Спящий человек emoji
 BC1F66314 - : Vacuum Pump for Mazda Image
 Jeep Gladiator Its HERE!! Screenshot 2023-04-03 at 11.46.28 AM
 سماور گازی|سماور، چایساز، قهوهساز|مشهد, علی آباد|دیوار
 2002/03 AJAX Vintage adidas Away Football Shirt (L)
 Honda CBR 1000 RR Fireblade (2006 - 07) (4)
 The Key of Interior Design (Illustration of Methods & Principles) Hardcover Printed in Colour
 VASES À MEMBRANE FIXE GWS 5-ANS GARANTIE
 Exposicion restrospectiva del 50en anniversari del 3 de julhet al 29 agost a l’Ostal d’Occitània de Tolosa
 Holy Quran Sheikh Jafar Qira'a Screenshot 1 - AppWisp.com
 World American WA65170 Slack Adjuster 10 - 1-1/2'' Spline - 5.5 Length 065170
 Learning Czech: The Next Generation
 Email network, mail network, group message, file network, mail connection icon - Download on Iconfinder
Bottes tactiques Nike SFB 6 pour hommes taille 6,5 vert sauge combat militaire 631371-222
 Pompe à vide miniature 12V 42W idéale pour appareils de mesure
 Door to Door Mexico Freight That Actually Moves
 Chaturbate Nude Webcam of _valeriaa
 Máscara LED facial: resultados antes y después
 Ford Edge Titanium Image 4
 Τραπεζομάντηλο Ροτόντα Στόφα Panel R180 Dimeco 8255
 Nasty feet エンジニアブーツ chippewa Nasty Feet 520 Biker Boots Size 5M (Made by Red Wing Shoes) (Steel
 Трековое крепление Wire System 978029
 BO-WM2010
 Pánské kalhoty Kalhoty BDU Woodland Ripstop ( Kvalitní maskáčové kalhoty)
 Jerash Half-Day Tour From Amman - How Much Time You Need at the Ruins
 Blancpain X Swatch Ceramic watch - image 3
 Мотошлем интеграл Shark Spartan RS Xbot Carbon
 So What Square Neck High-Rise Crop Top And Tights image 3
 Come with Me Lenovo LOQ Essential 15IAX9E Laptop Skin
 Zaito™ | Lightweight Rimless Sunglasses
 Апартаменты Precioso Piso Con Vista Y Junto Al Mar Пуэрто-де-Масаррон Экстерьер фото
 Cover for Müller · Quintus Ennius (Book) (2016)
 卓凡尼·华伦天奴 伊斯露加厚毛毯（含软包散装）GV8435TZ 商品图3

- - - -

» Exercise details
Each line in the listing where the word "Screenshot" is found is to be copied.

» Exercise answer
 Jeep Gladiator Its HERE!! Screenshot 2023-04-03 at 11.46.28 AM
 Holy Quran Sheikh Jafar Qira'a Screenshot 1 - AppWisp.com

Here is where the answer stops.